NAPLES, Fla. (AP) — Ariya Jutanugarn is occasionally fearful on the golf course, which might seem peculiar given her resume.
She's already clinched the LPGA's player of the year award, her second in the last three seasons. She's already clinched the money title, also for the second time in three years. She's back to No. 1 in the world rankings, will almost certainly have the lowest scoring average on tour this year and finished in the top 10 more regularly than any of her fellow competitors.
If all that wasn't enough, she has the best chance this week at the season-ending tour championship that starts Thursday at Tiburon Golf Club of capturing the Race to the CME Globe — which comes with a $1 million bonus.
So still playing scared at times, that's a puzzler.
"I just want to improve myself every day," Jutanugarn said. "I know I have so much room (to) improve. ... Every time when I go out and play I always have some different situation. Sometimes I worry. Sometimes I'm scared. Sometimes I feel so confident to play golf."
The confident moments seem like they override the worrisome and fearful ones.

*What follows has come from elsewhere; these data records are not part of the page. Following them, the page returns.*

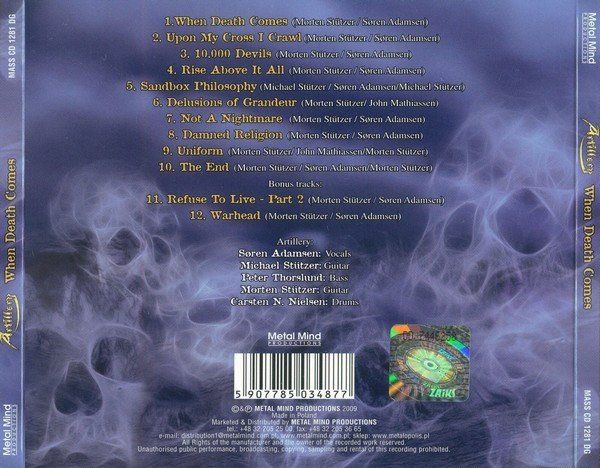 CDs: Artillery – When Death Comes - Thrash Metal - b – D'occasion à Brittnau par Zibu 1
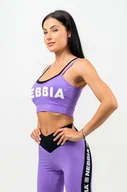 Bielizna sportowa damska - Biustonosz damski Nebbia FLEX Dvouvrstvá sportvoní podprsenka FLEX Fialová L - miniaturka - grafika 1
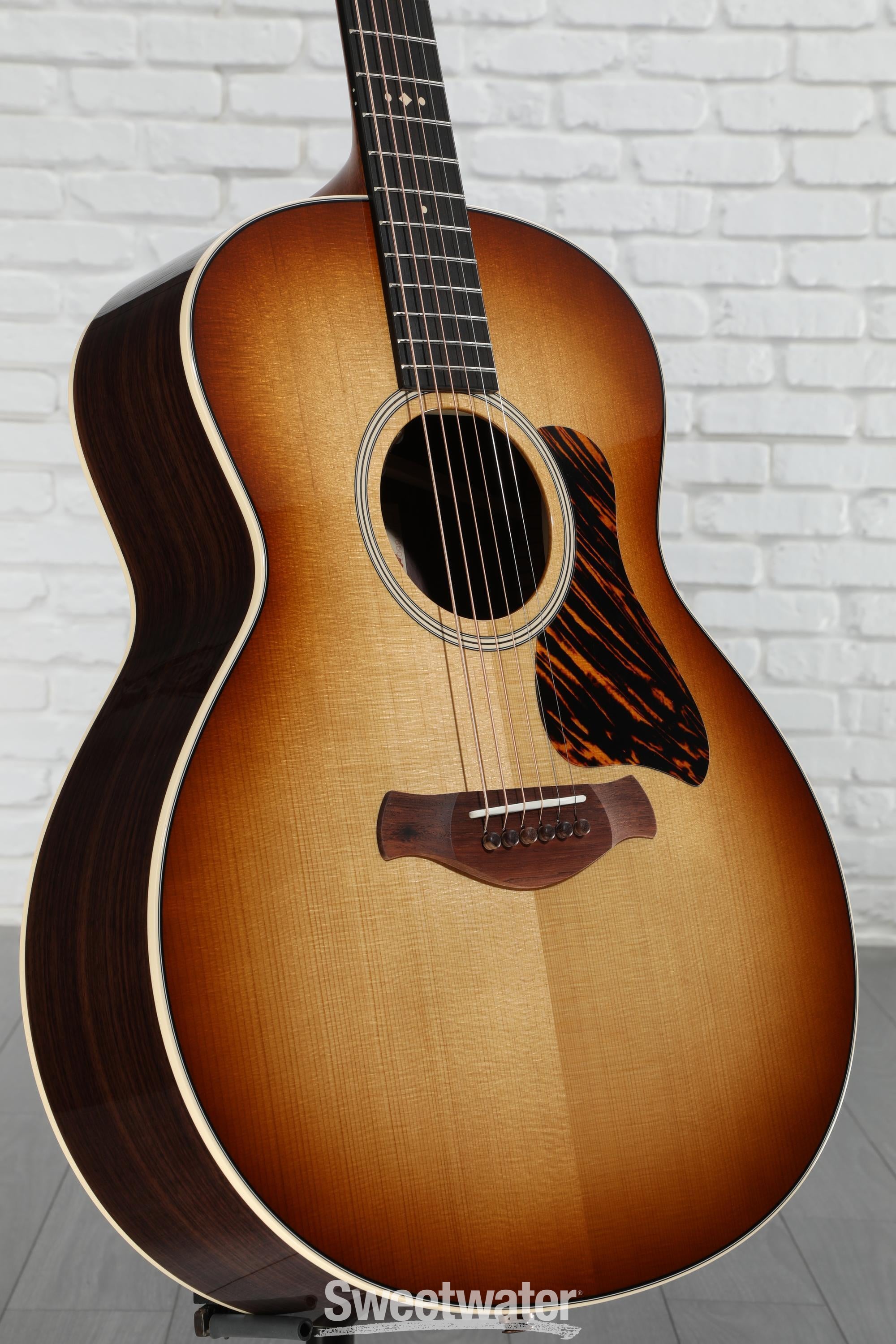 Photo of Taylor Gold Label 714e Acoustic-electric Guitar - Sunburst with Firestripe Pickguard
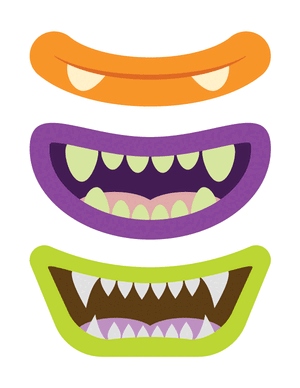 Happy Monster Mouth Photo Booth Prop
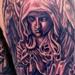 tattoo galleries/ - Black and Gray Memorial Angel Tattoo - 56526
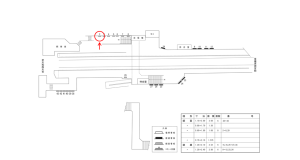 近鉄／田原本駅／／№2駅看板・駅広告、位置図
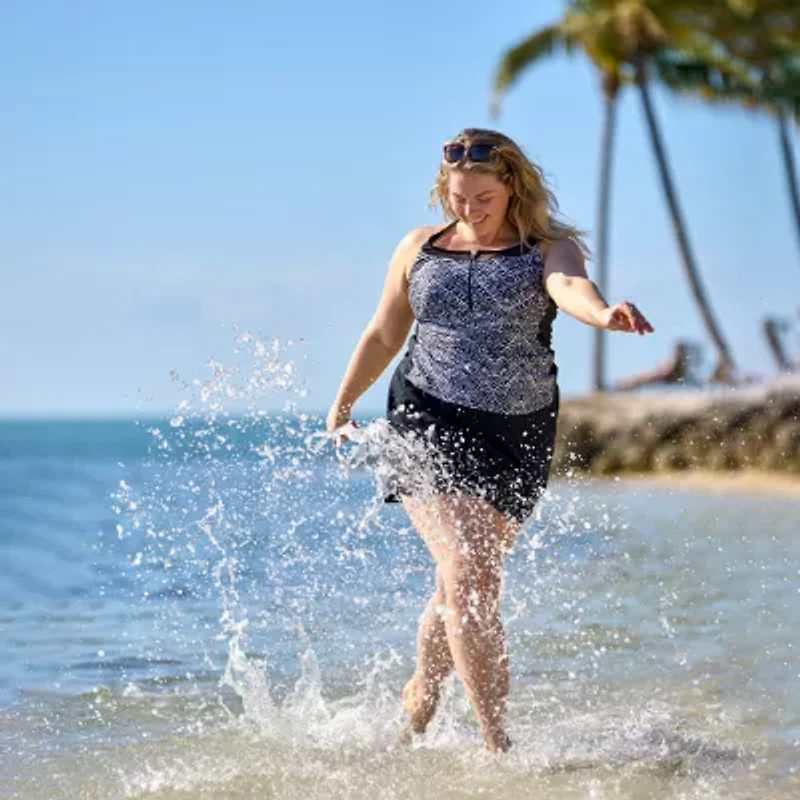 Free Country Womens Plus Swim Skirt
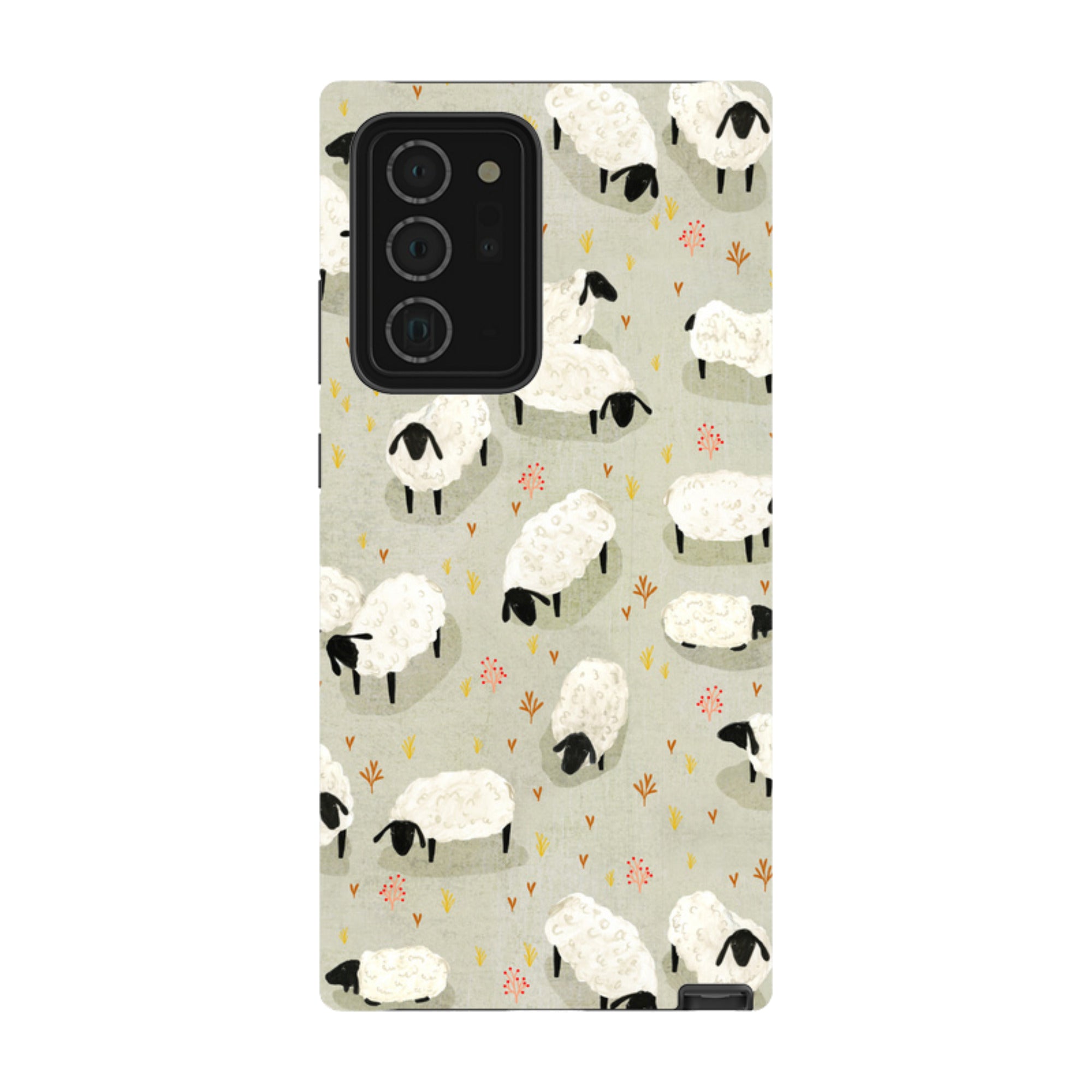 Samsung Tough Case - Sheep Grey By Katherine Quinn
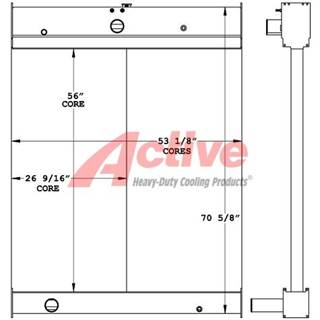 MTU Radiator for a Mtu DS00600D6SRAH1483
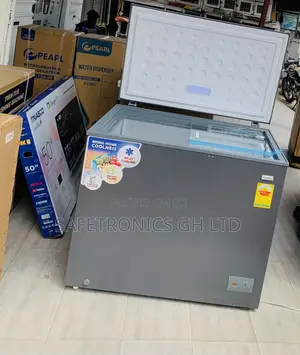 Nasco Lockable Grey :: 200L Singledoor Nas-250fl Freezer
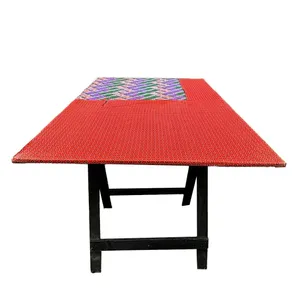 Large Trestle Table with Wooden Trestle Legs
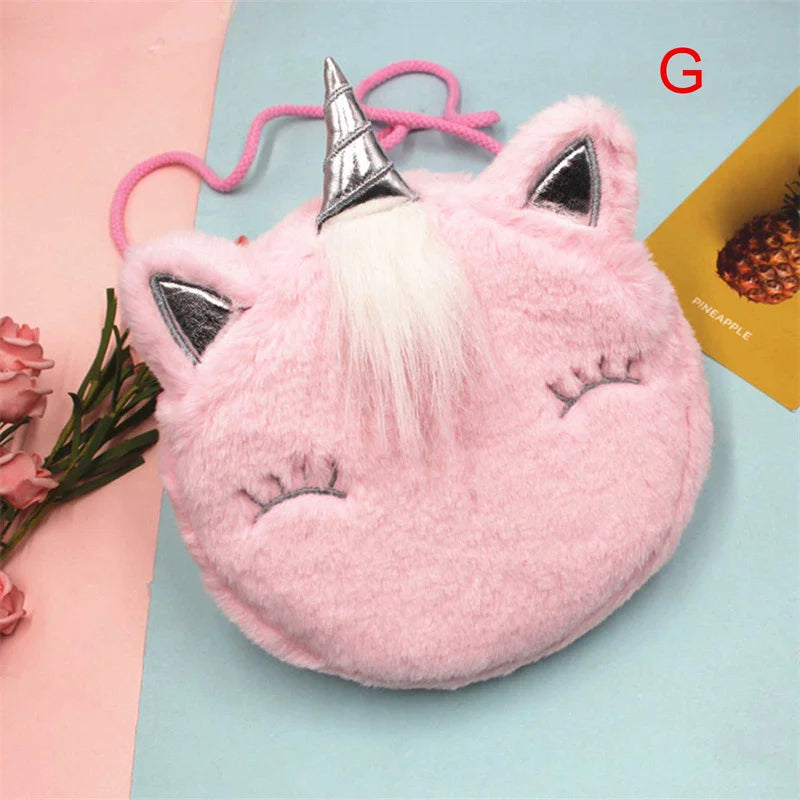 Kids Cartoon Unicorn Messenger Bag Mini Handbag Toy Wallet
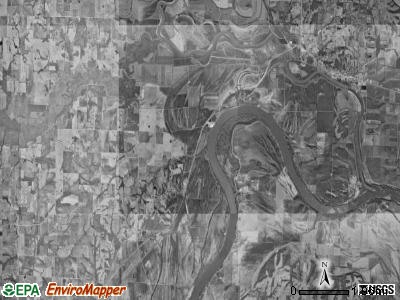De Witt township, Missouri satellite photo by USGS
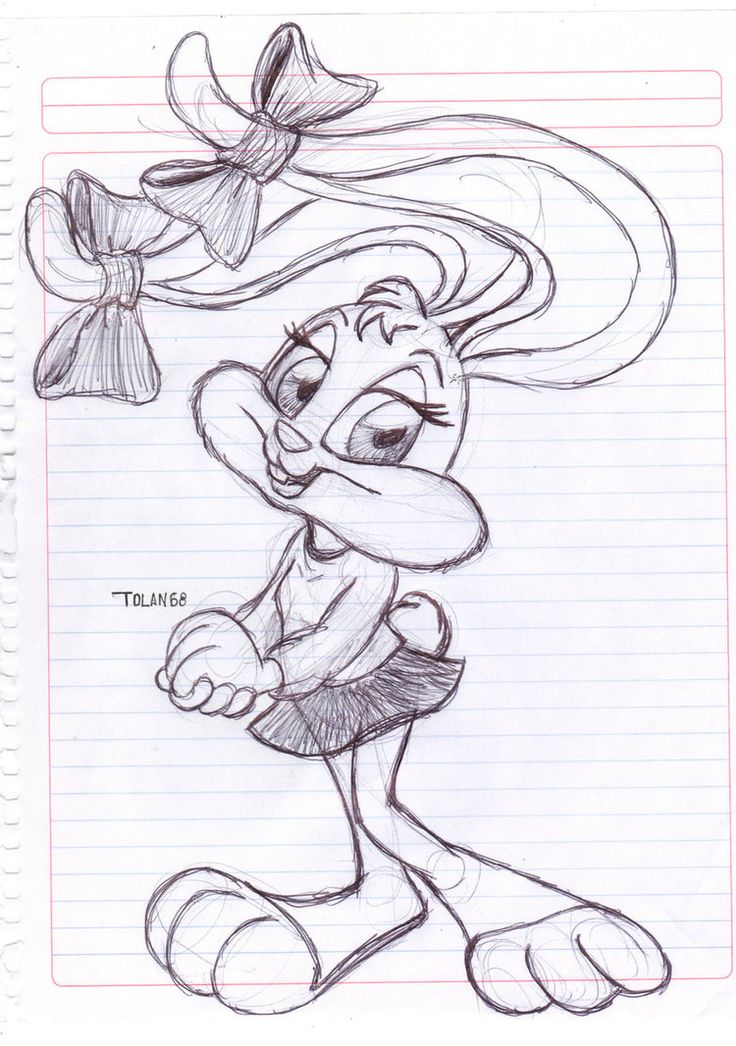 Tiny toon coloring pages bunny color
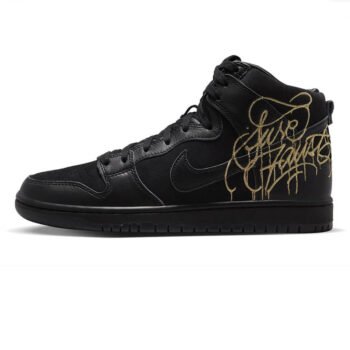 Nike SB Dunk High FAUST Black Gold - Imagen 2
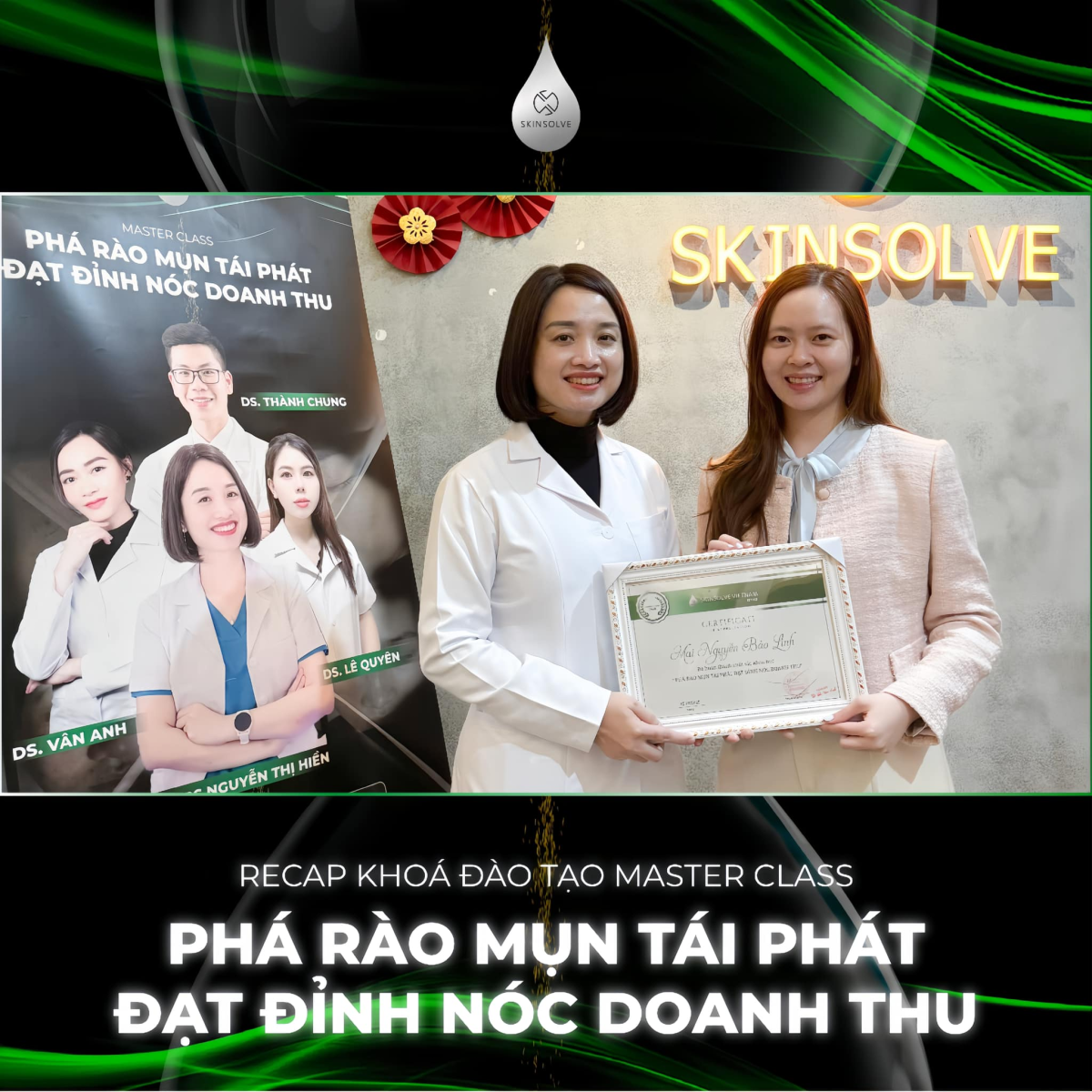RECAP KHÓA ĐÀO TẠO MASTER CLASS: PHÁ RÀO MỤN TÁI PHÁT - ĐẠT ĐỈNH DOANH THU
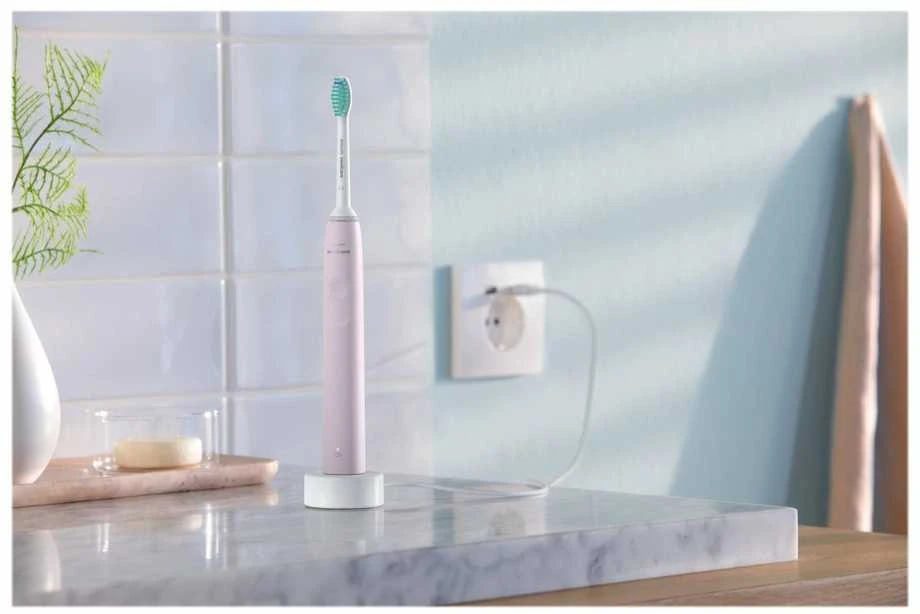 Philips Sonicare 2100 Series „Sonic“ elektrinis dantų šepetėlis HX3651/11, Rožinis
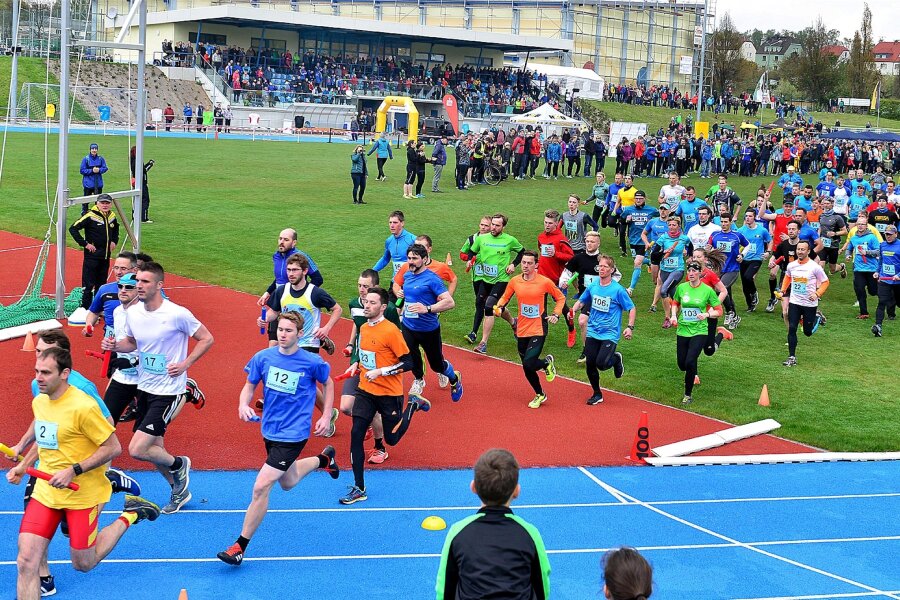 Landkreislauf: Kreissportbund Mittelsachsen vermisst noch einige Stammgäste - Im Jahr 2017 wurde der Landkreislauf zuletzt in Mittweida ausgetragen. Mehr als 1000 Teilnehmer waren dabei.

She got hot at the right time in 2018 — winning twice in May, the second of those being the U.S. Women's Open, then grabbing the Scottish Open victory in July. She's been tied for third or better in three of her last four starts, and went 67-67 on the weekend to prevail at the tour championship on this southwest Florida track last year.
Jutanugarn won't carry a driver this week — she's 122nd this season in driving accuracy — but she seems to rarely have trouble scoring. She leads the LPGA in birdies, is third in putting average and is even 13th in driving distance despite her disdain for using what ordinarily is the biggest club in the bag.
"I want to play well, I want to hit this shot good because I care about other people, what they're going to be thinking about me," Jutanugarn said. "But then I have to come back to myself and know that other people's expectation is not my expectation. I have to know what is my expectation, because I expect to have a good commitment with every shot. I expect myself to have fun, enjoy, and feel free on the course."
She's one of five women in the field who have the simplest path to winning the CME Globe: Win the tournament, and the trophy and bonus are theirs. Minjee Lee, Brooke Henderson, Nasa Hataoka and Sung Hyun Park are the others; five who are assured of winning the Globe if they win the tournament. There are seven other women with a mathematical chance,
"One of my main goals this year was to be in the top five coming into this event so that I could have this opportunity," Henderson said. "I've been really fortunate that for the past three years I've been in position if I play well this week that I could walk away with that $1 million, which is pretty special. I think it all comes down to you need to have a really great week."
It's the third consecutive year where Henderson has come to Naples — she's Canadian, but now has a home about 30 minutes away from Tiburon — with a chance to win the Globe and the bonus money.
She still doesn't know what she'd do if she won the extra $1 million.
"I've been asked that the last three years, and I'm still not really sure," Henderson said. "But just the opportunity to be here, I'm really grateful. Hopefully I can do something special this week."